▶ What the task requires:
In the copy, keep every word of the data below and none of its pictures.

▶ Material for this exercise:
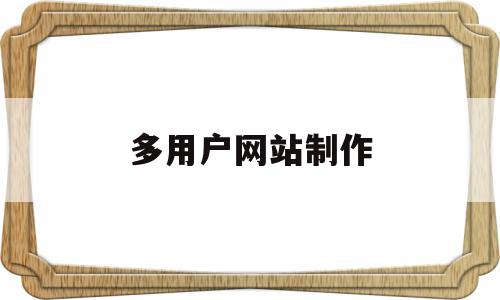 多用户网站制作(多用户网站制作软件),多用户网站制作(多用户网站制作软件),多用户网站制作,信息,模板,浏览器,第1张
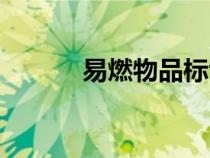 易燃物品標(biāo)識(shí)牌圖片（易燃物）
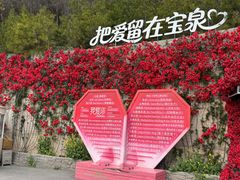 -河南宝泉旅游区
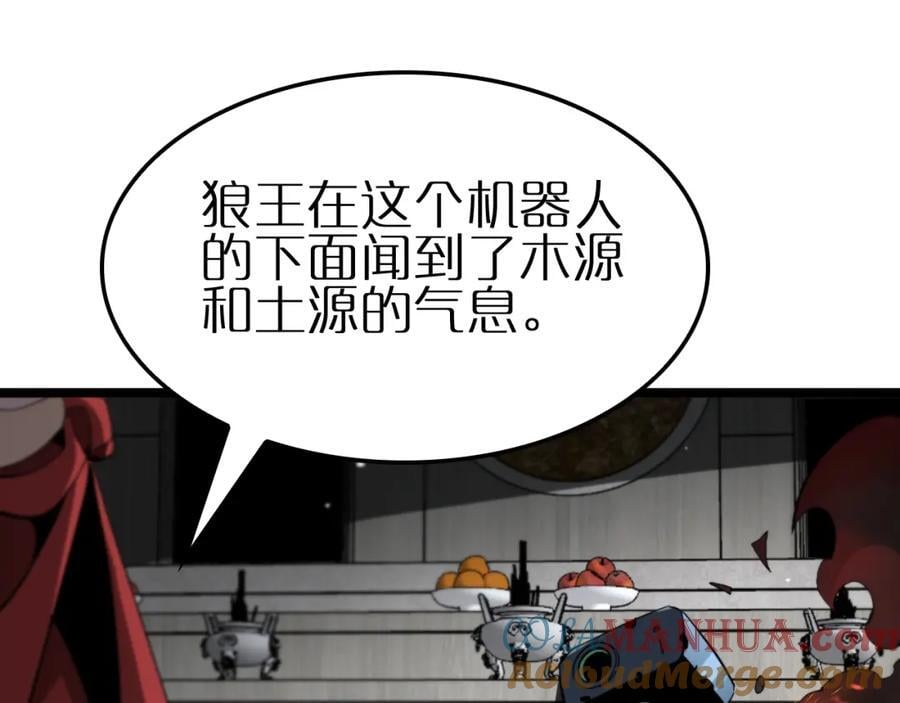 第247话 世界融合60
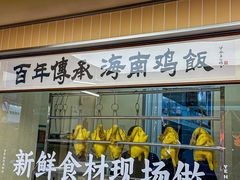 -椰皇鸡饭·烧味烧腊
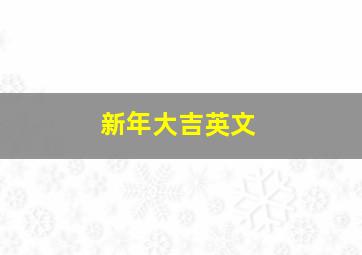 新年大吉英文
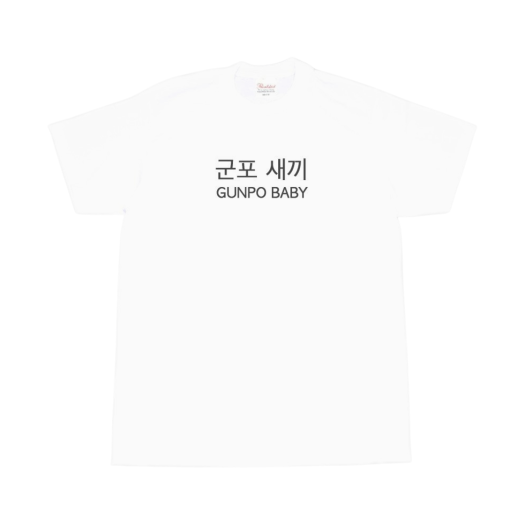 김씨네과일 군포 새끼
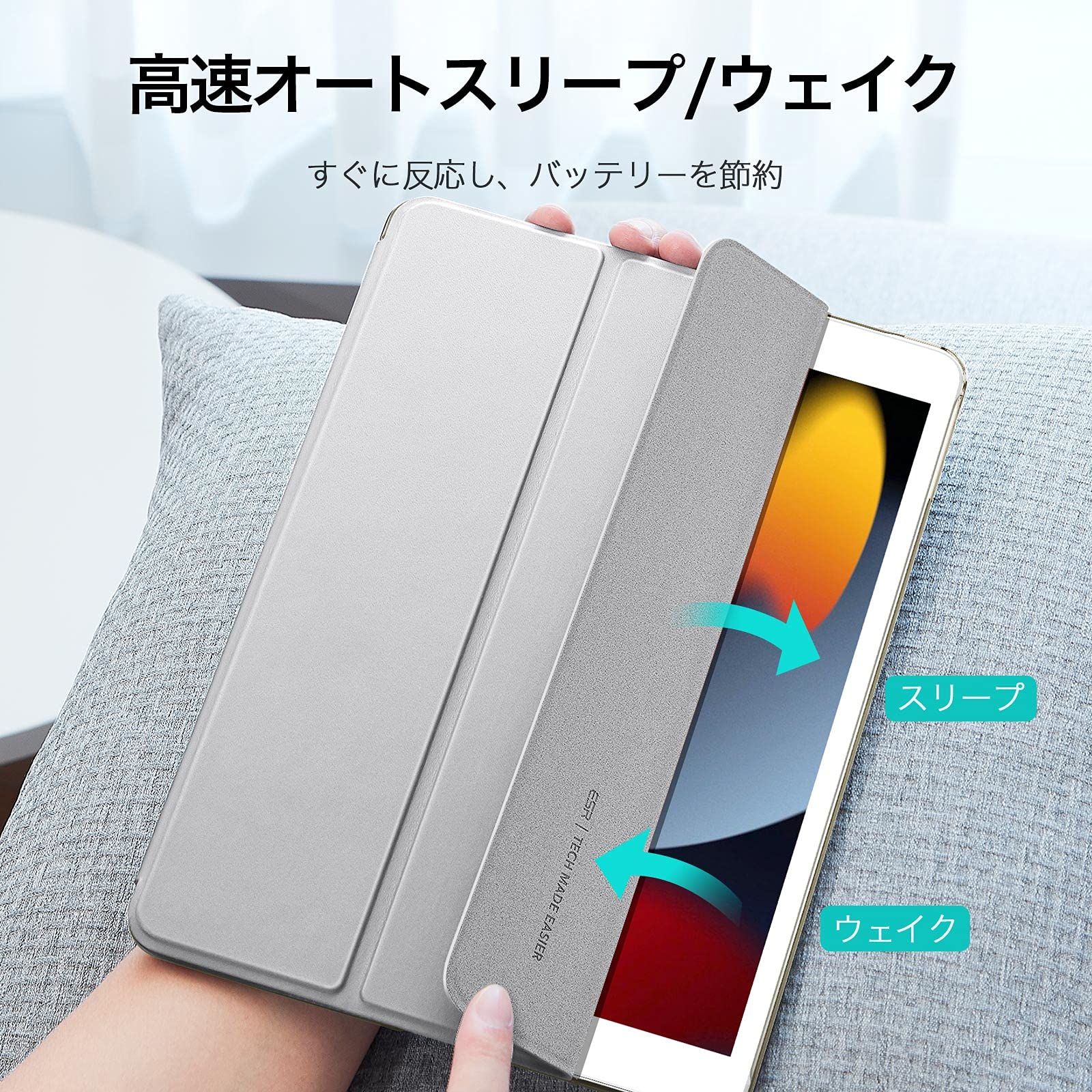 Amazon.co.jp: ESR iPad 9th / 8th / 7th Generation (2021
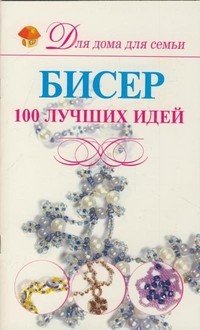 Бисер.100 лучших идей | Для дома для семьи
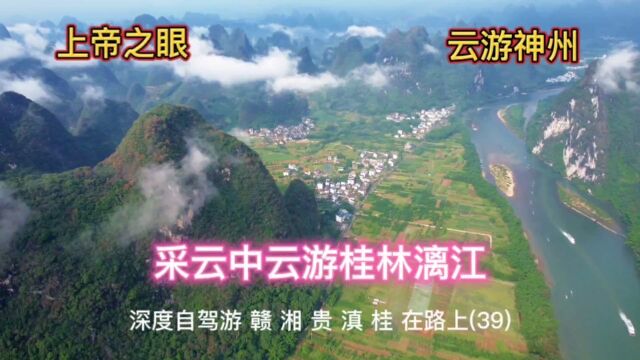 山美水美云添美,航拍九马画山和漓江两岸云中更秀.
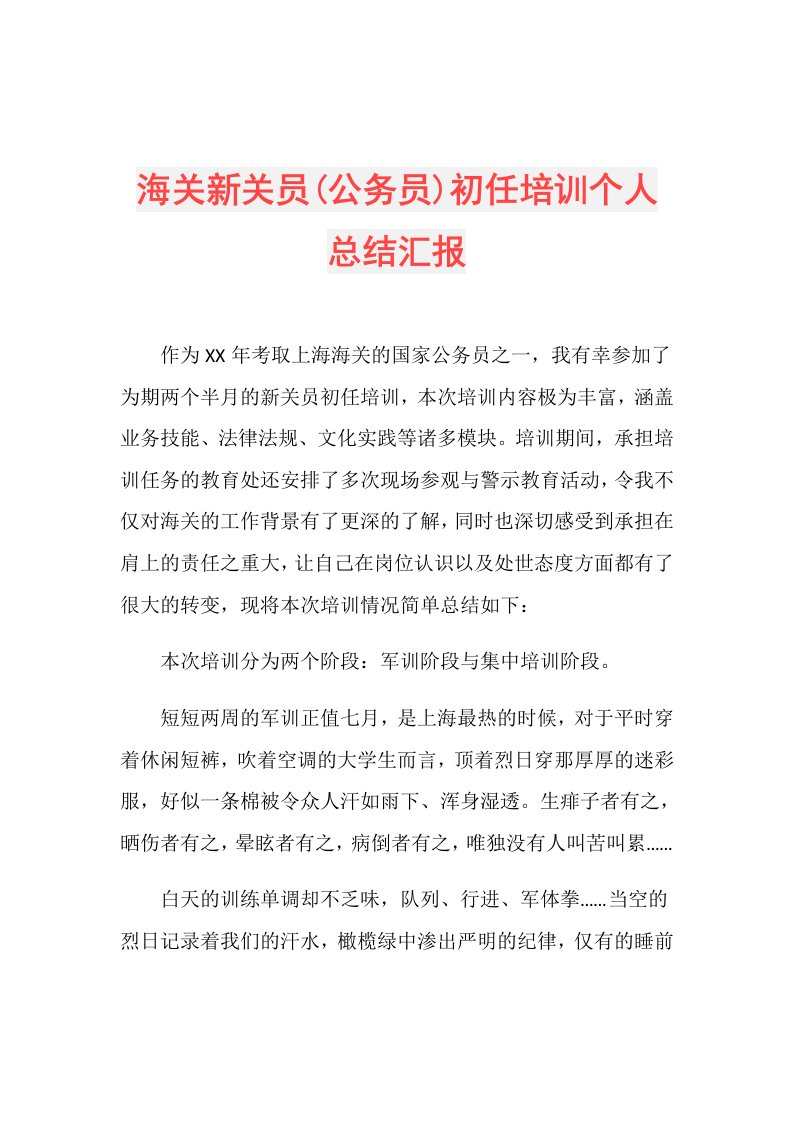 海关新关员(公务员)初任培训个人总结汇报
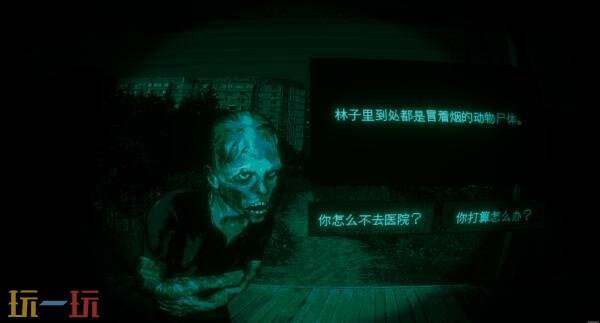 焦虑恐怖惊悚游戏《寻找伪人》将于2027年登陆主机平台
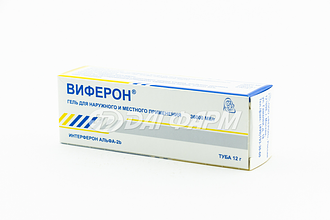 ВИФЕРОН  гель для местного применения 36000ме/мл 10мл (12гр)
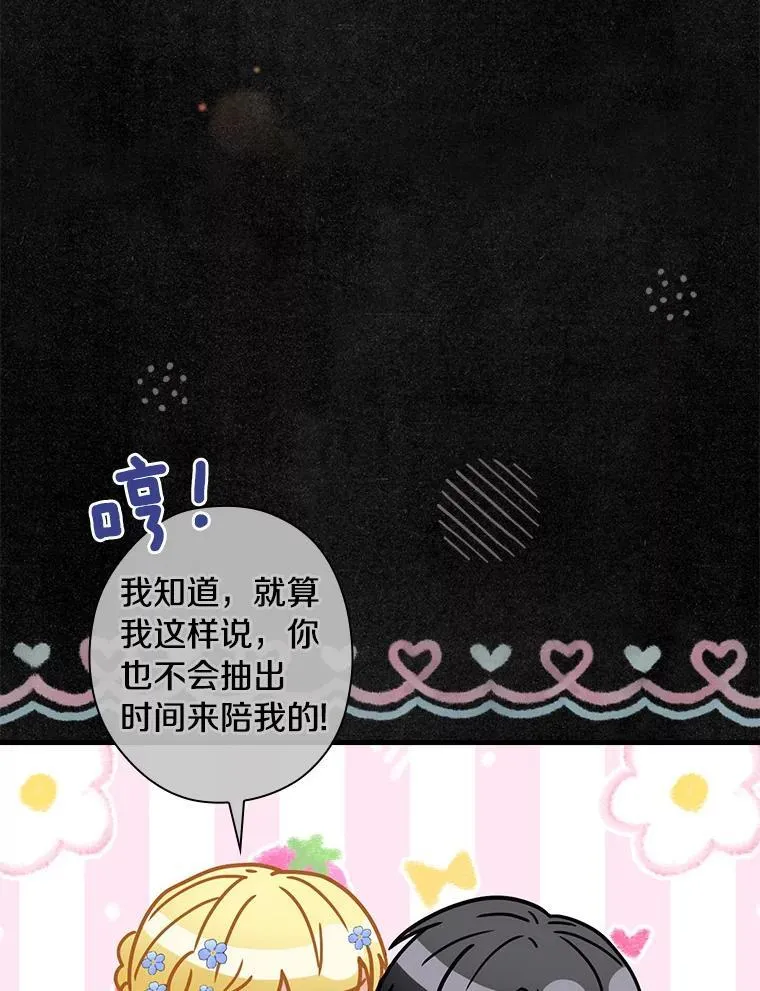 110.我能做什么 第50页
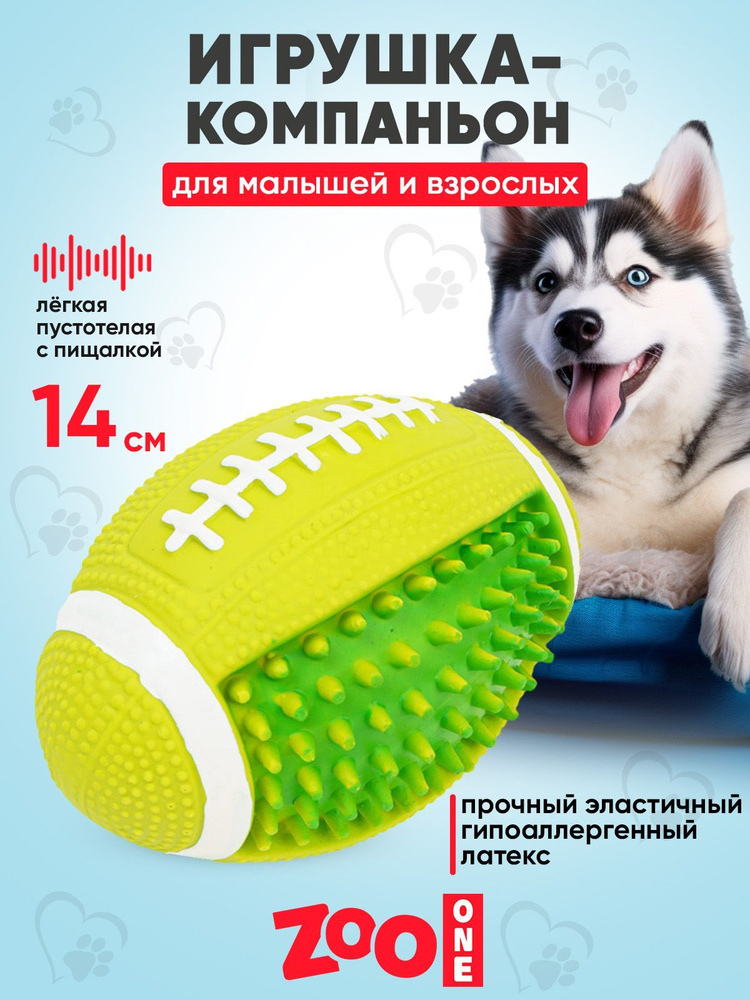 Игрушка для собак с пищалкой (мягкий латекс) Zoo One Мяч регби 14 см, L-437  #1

▶ Completed exercise:
 多用户网站制作(多用户网站制作软件),多用户网站制作(多用户网站制作软件),多用户网站制作,信息,模板,浏览器,第1张
 易燃物品標(biāo)識(shí)牌圖片（易燃物）
 -河南宝泉旅游区
 第247话 世界融合60
 -椰皇鸡饭·烧味烧腊
 新年大吉英文
 김씨네과일 군포 새끼
 Amazon.co.jp: ESR iPad 9th / 8th / 7th Generation (2021
 Бисер.100 лучших идей | Для дома для семьи
 山美水美云添美,航拍九马画山和漓江两岸云中更秀.
 海关新关员(公务员)初任培训个人总结汇报
 焦虑恐怖惊悚游戏《寻找伪人》将于2027年登陆主机平台
 ВИФЕРОН  гель для местного применения 36000ме/мл 10мл (12гр)
 110.我能做什么 第50页
 Игрушка для собак с пищалкой (мягкий латекс) Zoo One Мяч регби 14 см, L-437  #1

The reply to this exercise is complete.